See Design Audit Guide for the full pipeline, custom rubric fragments, and starter-foundry integration.
bad view opens any run in a polished web UI:
bad view audit-results/stripe.com-1775502457141- Sidebar lists every page (or turn) in the run
- Top Fixes section opens by default for design audits, ranked by ROI
- Per-page screenshots, design system breakdown, findings table, classification
- Per-turn action JSON, reasoning, expected effect, result for agent runs
- Self-contained — no build pipeline, single static HTML, no external dependencies (the viewer is served by a local loopback HTTP server on port 7777)
Pair with --show-cursor to record runs with an animated cursor + element highlights overlaid on every screenshot.
bad's agent loop is decoupled from the browser layer via the Driver interface. The default is local Playwright, but you can run the same agent against managed cloud infra without any code changes:
import { BrowserAgent, SteelDriver } from '@tangle-network/browser-agent-driver'
// Local Playwright (default) — see Quick Start above
// Steel cloud browser with anti-bot, residential proxies, CAPTCHA solving
const driver = await SteelDriver.create({
apiKey: process.env.STEEL_API_KEY,
sessionOptions: { useProxy: true, solveCaptcha: true },
})
const agent = new BrowserAgent({ driver, config: { model: 'sonnet' } })
await agent.run({ goal: '...', startUrl: '...' })
await driver.close()The same agent — design audit, evolve loops, wallet automation, knowledge memory — runs against any driver. Steel handles infra you don't want to build; bad handles the agent layer Steel doesn't.

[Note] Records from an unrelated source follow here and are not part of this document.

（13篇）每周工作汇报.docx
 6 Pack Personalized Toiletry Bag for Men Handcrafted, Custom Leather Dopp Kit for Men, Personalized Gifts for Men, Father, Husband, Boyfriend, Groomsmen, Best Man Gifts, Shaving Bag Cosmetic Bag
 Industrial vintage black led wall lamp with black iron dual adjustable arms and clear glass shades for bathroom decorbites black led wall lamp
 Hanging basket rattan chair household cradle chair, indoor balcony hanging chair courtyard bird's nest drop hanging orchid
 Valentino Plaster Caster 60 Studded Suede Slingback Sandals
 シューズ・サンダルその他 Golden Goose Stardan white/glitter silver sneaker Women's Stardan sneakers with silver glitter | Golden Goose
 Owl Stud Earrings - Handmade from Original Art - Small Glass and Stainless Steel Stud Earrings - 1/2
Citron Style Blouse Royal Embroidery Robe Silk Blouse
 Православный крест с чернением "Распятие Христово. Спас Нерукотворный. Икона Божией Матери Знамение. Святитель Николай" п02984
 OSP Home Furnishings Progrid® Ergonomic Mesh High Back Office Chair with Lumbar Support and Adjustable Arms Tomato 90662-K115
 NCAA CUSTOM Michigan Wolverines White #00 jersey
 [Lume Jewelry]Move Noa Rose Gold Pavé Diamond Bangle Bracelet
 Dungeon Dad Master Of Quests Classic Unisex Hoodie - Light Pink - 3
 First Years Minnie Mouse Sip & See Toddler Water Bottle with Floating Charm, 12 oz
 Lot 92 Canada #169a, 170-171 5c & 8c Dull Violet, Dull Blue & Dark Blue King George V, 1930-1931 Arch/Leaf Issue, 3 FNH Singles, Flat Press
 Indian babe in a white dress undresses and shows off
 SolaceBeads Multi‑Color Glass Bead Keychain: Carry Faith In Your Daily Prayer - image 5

Drop bad design-audit into any PR pipeline:
- uses: tangle-network/browser-agent-driver/.github/actions/design-audit@main
with:
url: ${{ steps.deploy.outputs.preview_url }}
pages: 5
fail-on-score-below: '6.5'
evolve: claude-code # optional auto-fix
openai-api-key: ${{ secrets.OPENAI_API_KEY }}The action posts the Top Fixes (by ROI) as a PR comment, uploads the full report as a workflow artifact, and optionally fails the build on score regressions or critical findings. See .github/actions/design-audit.
- Configuration Reference — all config options
- CLI Reference — commands, modes, profiles, auth
- Design Audit — vision-powered design quality + ROI-ranked closed-loop improvement
- Memory System — trajectory store, app knowledge, selector cache
- Benchmarks & Experiments — tiered gates, AB specs, research cycles
- Wallet & EVM Apps — MetaMask, DeFi testing, RPC interception, Anvil forks
- Providers — OpenAI, Anthropic, Codex CLI, Claude Code, sandbox backend
- Reporters & Sinks — JUnit, HTML, webhooks, custom sinks
- Custom Drivers — implement the
Driverinterface
Ships Codex skills under skills/ for test execution discipline and agent-friendly UX conventions.
npm run skills:installVersioning and releases are automated via Changesets.
Contributors: add a changeset to your PR with pnpm changeset — pick patch / minor / major and write a one-line summary. The CLI creates a markdown file under .changeset/ to commit alongside your code.
Maintainers: when PRs with changesets merge to main, the changesets workflow automatically opens (or updates) a "Release: version packages" PR that bumps package.json and writes CHANGELOG.md. Merging that PR pushes a browser-agent-driver-vX.Y.Z git tag, which fires the existing release.yml and publish-npm.yml workflows that create the GitHub release tarball and publish to npm with provenance.
You stay in control of when releases ship; the bump math, changelog, tagging, and publishing are all automated. See .changeset/README.md for the full contributor flow.
pnpm build # TypeScript → dist/
pnpm test # vitest
pnpm lint # type-check
pnpm check:boundariesDual-licensed under MIT and Apache 2.0. See LICENSE.